Newburgh criminal homeless housing proposed

Posted

Currently a 50 unit homeless housing project is being rushed through the approval process in the City of Newburgh. The developer is claiming the project is for “Newburgh’s homeless population.” That is a half-truth because any project using NY State funding is NOT allowed to specifically target Newburgh’s homeless population. The reality is the project will be open to any homeless individual who applies, be it from Middletown, Kingston, Rockland County, Queens or wherever. Bad as that may be, the most destructive issue with this proposal is the program funding specifically includes providing housing for homeless “adults, youth or young adults reentering the community from incarceration.” In simpler terms, this project is intended to house violent felons, convicted criminals and similar people getting out of jail in the middle of the City of Newburgh.

The Newburgh Ministry is the project developer.
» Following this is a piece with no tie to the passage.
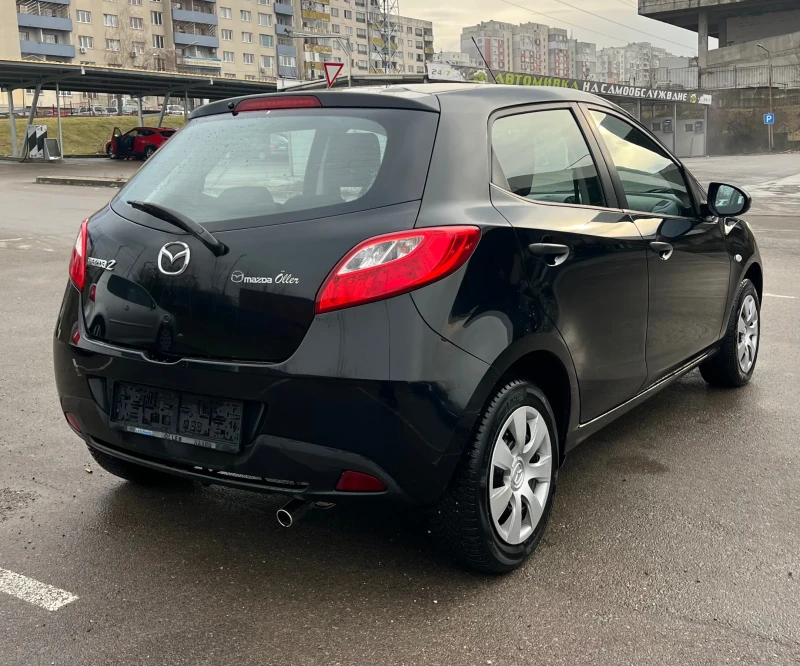 Mazda 2 1.4i Klimatik/Euro/5a, снимка 4 - Автомобили и джипове - 53280798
The proposal is building 50 units of homeless housing on the site of two historic buildings to be demolished on Johnston Street. The City Council of Newburgh is actually supporting the project though I can’t imagine they understand it will be housing violent felons. The location of the project is less than 300 feet from Broadway and in the middle of one of the highest concentration of people living in poverty in the City of Newburgh.

Worth noting is Developer fees from NY State funding programs allow for up to 15% of project cost. If each unit costs $250,000, a 50 unit project will be budgeted at $12,500,000 with a developer fee up to $1,875,000. For that kind of money, it is no wonder the developers are pushing for the project.
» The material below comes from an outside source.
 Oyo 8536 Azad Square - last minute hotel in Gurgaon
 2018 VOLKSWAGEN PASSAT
If the project is built, however, the end result in Newburgh will be more poverty, more homeless people NOT FROM NEWBURGH on the streets, more people hanging out with nothing to do, more destruction of surrounding properties and the deterioration of Newburgh’s public image to its citizens, visitors and tourist. Also worth noting this project will pay NO property taxes even as it increases the need for more police, fire and public services with an end result of higher property taxes for all Newburgh residents.
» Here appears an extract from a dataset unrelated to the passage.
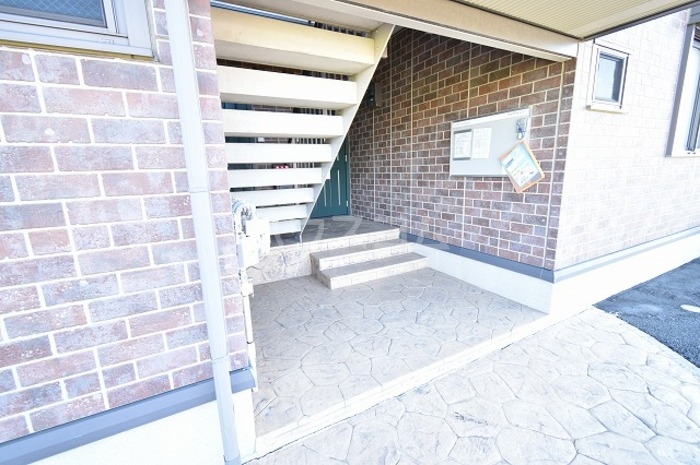 22/30 エントランス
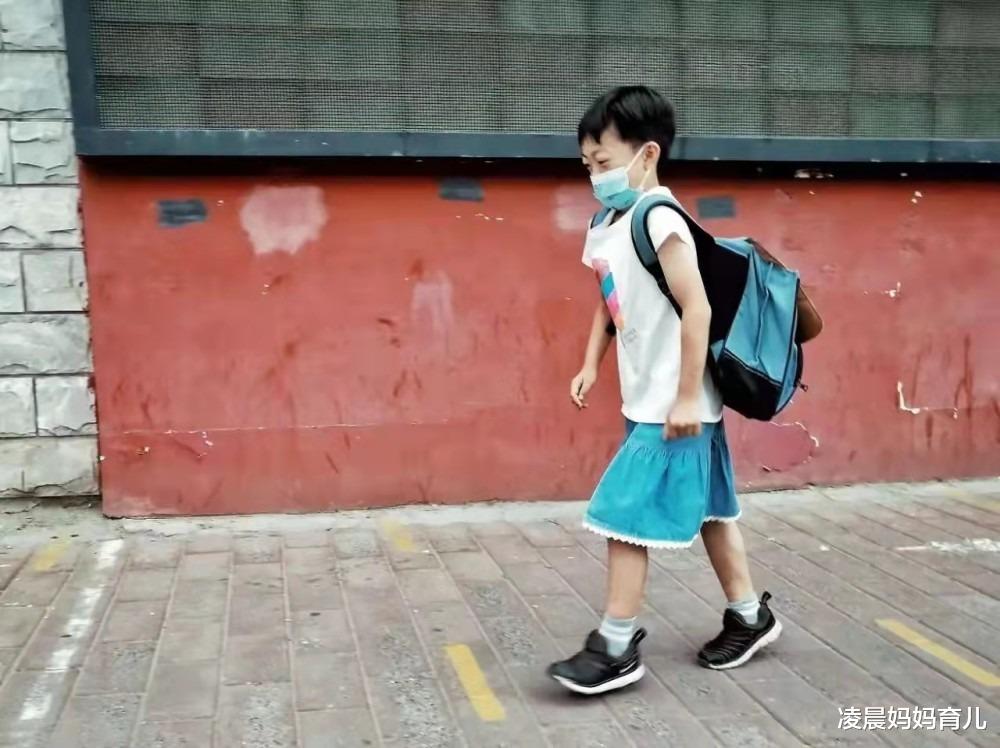 “男子气概”是养出来的,不懂退出的妈妈,难养出真正的男子汉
Last, but not least, this project will result in more crime on Newburgh’s streets and to its citizens. Newburgh has an example of this type of problem that occurred in 2017. A felon from Queens was staying in a single room occupancy facility on Grand Street less than 300 feet from Newburgh City Hall. He came downstairs one morning and beat the housing advocate at the front desk to death.

This is a bad project for Newburgh. It does nothing to improve the safety or image of the City even as it increases taxes and poverty while putting its citizens at greater risk of crime and harm. Newburgh residents should show up at the Planning, Zoning Board and City Council meetings and voice their opposition. This project never should have gone as far as it has, and needs to be stopped now.